Pourquoi maintenant ? C’est pourtant simple : parce qu’en mai 2018 aura lieu le transfert à Bastille du diptyque Heure espagnole/Gianni Schicchi, conçu pour Garnier par Laurent Pelly (attention, la vidéographie établie par Jean-Charles Hoffelé donne l’impression que L’Heure espagnole aurait été créé à Glyndebourne puis « repris à Garnier » : il n’en est rien, puisque le spectacle fut créé à Paris en 2004 puis proposé en Angleterre en 2012, date à laquelle le metteur en scène conçut sa version de L’Enfant et les sortilèges comme pendant).
A part ça, qu’est-ce qui a changé entre 1990 et 2017 ? D’abord, on rétablit l’ordre chronologique : même si une image de L’Enfant continue à occuper seule la couverture, et même si le titre du volume inverse toujours l’ordre de composition, L’Heure espagnole, écrite en 1907 et créée en 1911, ouvre cette fois le volume. Globalement, on peut même parler d’un rééquilibrage en faveur du premier opus lyrique de Ravel, puisque le sommaire original n’incluait aucun texte spécifiquement consacré à cette espagnolade, alors qu’on trouvera à présent un texte de Louis Bilodeau sur le fascinant librettiste Franc-Nohain, et une évocation de la genèse de l’œuvre due à Emily Kilpatrick. Les documents historiques sont toujours là (le témoignage de Colette et le compte rendu de L’Enfant par Henry Prunières). Ont aussi survécu au remaniement les articles signés Marcel Marnat, « Ravel en représentation », passionnante étude des rapports du compositeur avec la voix, et Jacques Dupont, « Visages de l’enfance, sortilèges de Colette ». Didier van Moere conserve son « Ravel jugé par ses pairs » mais succède à Pierre Flinois pour la Discographie : pour L’Heure comme pour L’Enfant, il retient cinq intégrales parmi les quinze existantes (on est d’ailleurs agréablement surpris que L’Heure espagnole ait connu autant de versions au disque). Nouveau venus, Jean-François Boukobza se penche sur « L’art du sourire ravélien », ce qui lui permet notamment d’évoquer la « Lubitsch touch » de L’Heure, tandis que Dominique Escande relate la création de L’Enfant à Monte-Carlo. Désormais rédactrice en chef, Chantal Cazaux ne faisait pas encore partie de l’équipe en 1990 : elle signe cette fois l’Argument des deux œuvres et la bibliographie finale.

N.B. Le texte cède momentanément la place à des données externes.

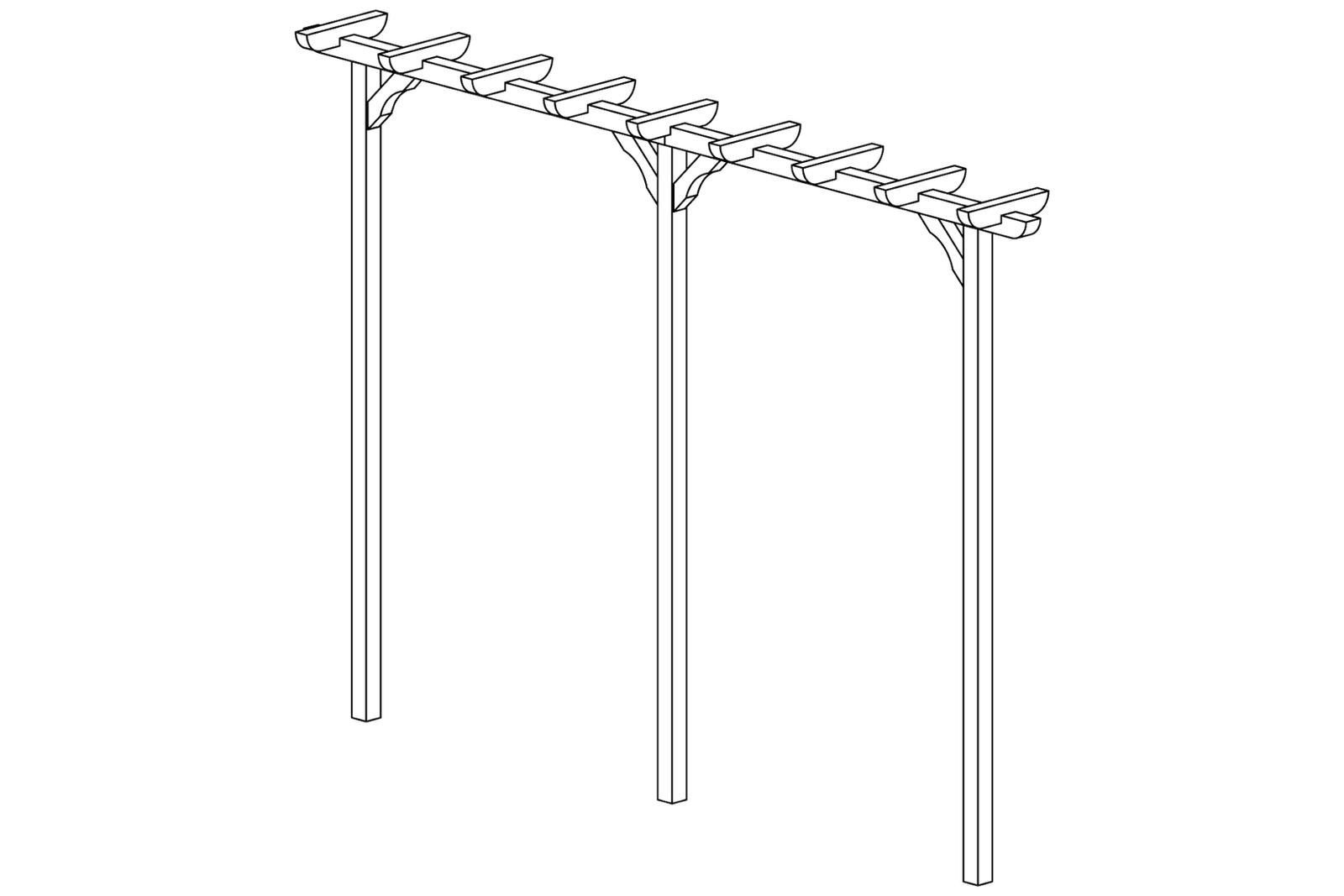 zui Pergola aus Holz 450 cm lang Torbogen Rankhilfe Rankgerüst Blumenbogen Spalier Rosenbogen
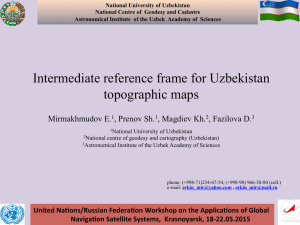 Intermediate reference frame for Uzbekistan topographic maps
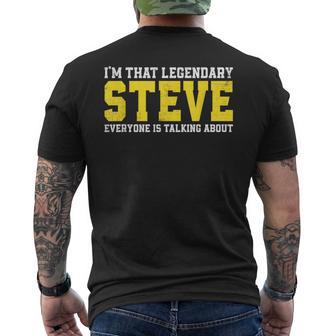 Steve Name Steve Jokes For Steve Birthday Men's T-shirt Back Print - Thegiftio UK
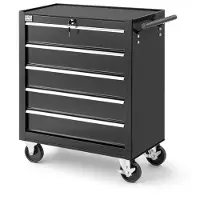 HBM Carro de herramientas 5 cajones, 62 cm, negro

Surtout, pour chacune des deux œuvres, « Introduction et Guide d’écoute » entièrement neufs, rédigés par Stephan Etcharry, remplacent le « Commentaire littéraire et musical » dus en 1990 à deux plumes différentes. Le brillant commentateur, qui détaille ce trésor d’invention qu’est la partition de L’Heure, n’hésite pas à rapprocher les audaces ravéliennes des « étranges sonorités japonisantes de gagaku » pour le prologue de L’Enfant.
Bref, c’est bien une réécriture quasi complète, et non un rhabillage de surface ou une simple remise à jour, que propose L’Avant-Scène Opéra avec ce nouveau numéro, preuve que la collection aux bientôt trois cents volumes mérite plus que jamais la confiance du mélomane.